Truckers encounter many bridges in this country that are downright frightening. From tight spaces to ghostly faces, these are just a few of the crossings that scare drivers the most.
This iconic cantilever bridge between Oregon and Washington was formally dedicated in August 1966. It stretches 4.1 miles across the mouth of the Columbia River, from Astoria, Oregon, to Point Ellice, Washington. Its construction was an impressive feat. The bridge, part of U.S. Highway 101, spans 1,232 feet. Also known as the Oregon Coast Highway, the Astoria-Megler Bridge is the longest continuous truss bridge in the nation.

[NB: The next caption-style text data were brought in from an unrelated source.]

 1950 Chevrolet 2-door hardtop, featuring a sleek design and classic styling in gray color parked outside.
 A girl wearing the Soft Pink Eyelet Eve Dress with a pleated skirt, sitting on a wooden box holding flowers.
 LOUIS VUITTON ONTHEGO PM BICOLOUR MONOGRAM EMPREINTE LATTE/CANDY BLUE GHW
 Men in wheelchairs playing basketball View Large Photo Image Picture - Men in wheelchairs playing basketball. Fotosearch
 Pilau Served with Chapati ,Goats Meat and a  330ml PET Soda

Astoria-Megler Bridge. (Photo: Oregon DOT)
The bridge is designed to withstand some of the toughest attacks from nature, but high winds of 60-plus mph have easily toppled 53-foot tractor-trailers on it. One driver told Trucking Truth that the Astoria-Megler Bridge “is scary in a four-wheeler. I could not even imagine taking it with a big rig.” A four-wheeler is a car or noncommercial truck or SUV.
Chesapeake Bay Bridge-Tunnel
Maryland’s Chesapeake Bay Bridge-Tunnel (CBBT) is one of the most notoriously frightening bridges in the country. Low guardrails, narrow lanes and high winds have made this bridge so terrifying that many people have been willing to pay $25 to have someone else drive their car, van, SUV or pickup truck across the structure for them.

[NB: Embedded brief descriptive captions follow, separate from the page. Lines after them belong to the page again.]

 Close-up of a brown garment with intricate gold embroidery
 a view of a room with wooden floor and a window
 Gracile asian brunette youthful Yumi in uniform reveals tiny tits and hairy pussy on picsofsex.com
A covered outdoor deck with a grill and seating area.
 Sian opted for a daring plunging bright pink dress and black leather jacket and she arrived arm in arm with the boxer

The CBBT, which spans 17.6 miles, provides a direct link between southeastern Virginia and the Delmarva Peninsula (Delaware plus the eastern shores of Maryland and Virginia). It cuts 95 miles from the journey between Virginia Beach and points north of Wilmington, Delaware.

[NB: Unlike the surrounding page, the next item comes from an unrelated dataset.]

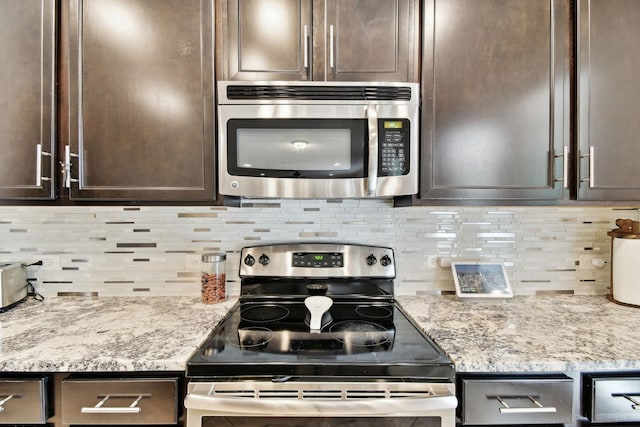 kitchen with appliances with stainless steel finishes, tasteful backsplash, light stone counters, and dark brown cabinets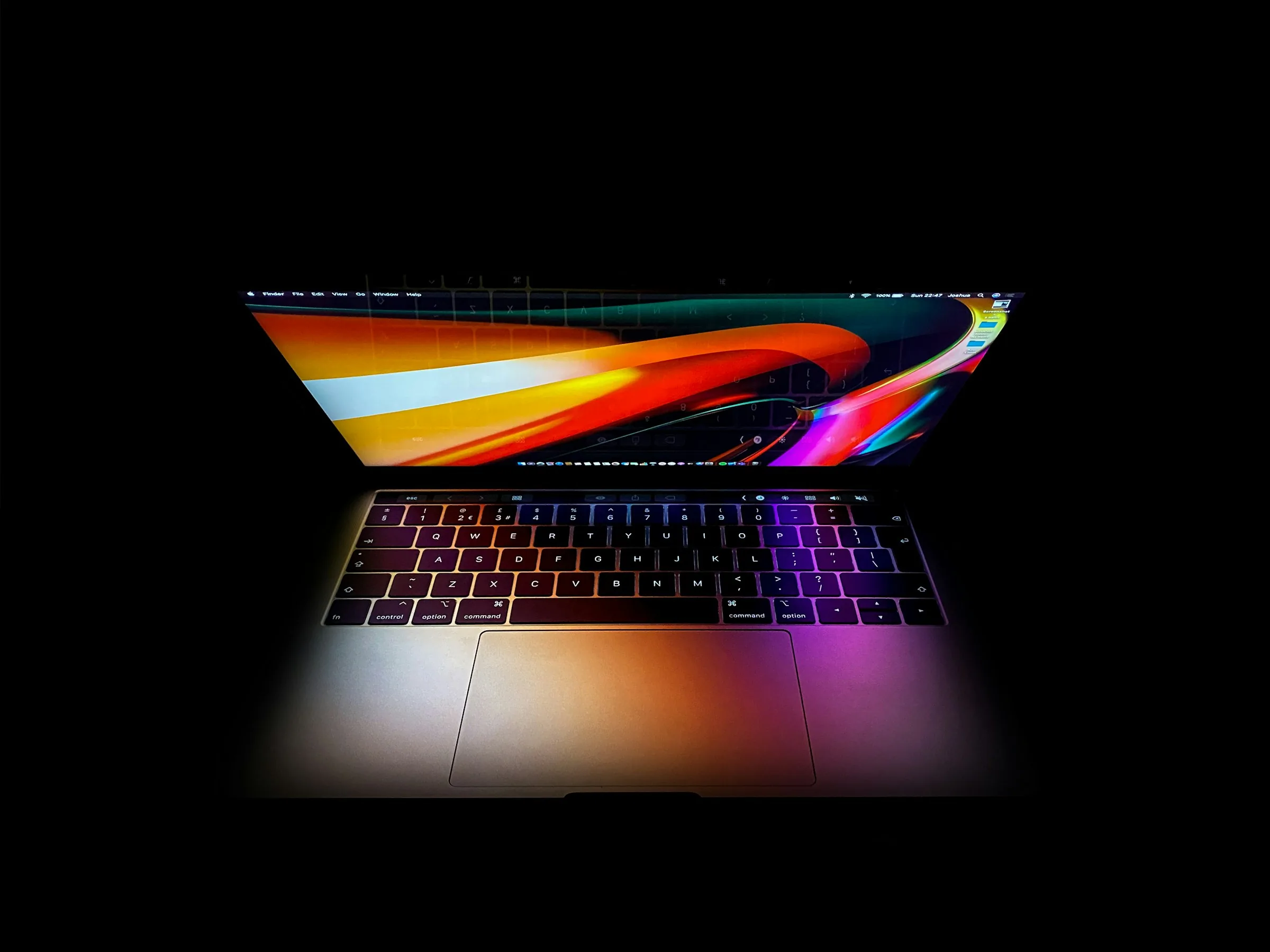 Apple MacBook open on a dark desk in the develop:IT workshop, South End, Gqeberha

Chesapeake Bay Bridge-Tunnel. (Photo: CBBT Commission)
Following its opening in April 1964, the CBBT was selected as “One of the Seven Engineering Wonders of the Modern World” in a worldwide competition that included more than 100 major projects. Unfortunately, the CBBT has a dark history of tractor-trailer accidents.
In 2017, a driver died after his big rig plunged over the side of the CBBT during windy conditions. The attorney representing the driver’s widow in a lawsuit against the CBBT Commission said his firm searched for comparable cases against the CBBT but found none. This is despite the fact that at least 16 vehicles have gone into the water since the bridge-tunnel opened, most of them tractor-trailers.
Sunshine Skyway Bridge
The Bob Graham Sunshine Skyway Bridge, often referred to simply as the Skyway, is a cable-stayed bridge in Florida spanning the Lower Tampa Bay. It’s part of Interstate 275, connecting St. Petersburg to Terra Ceia, an unincorporated community in Manatee County.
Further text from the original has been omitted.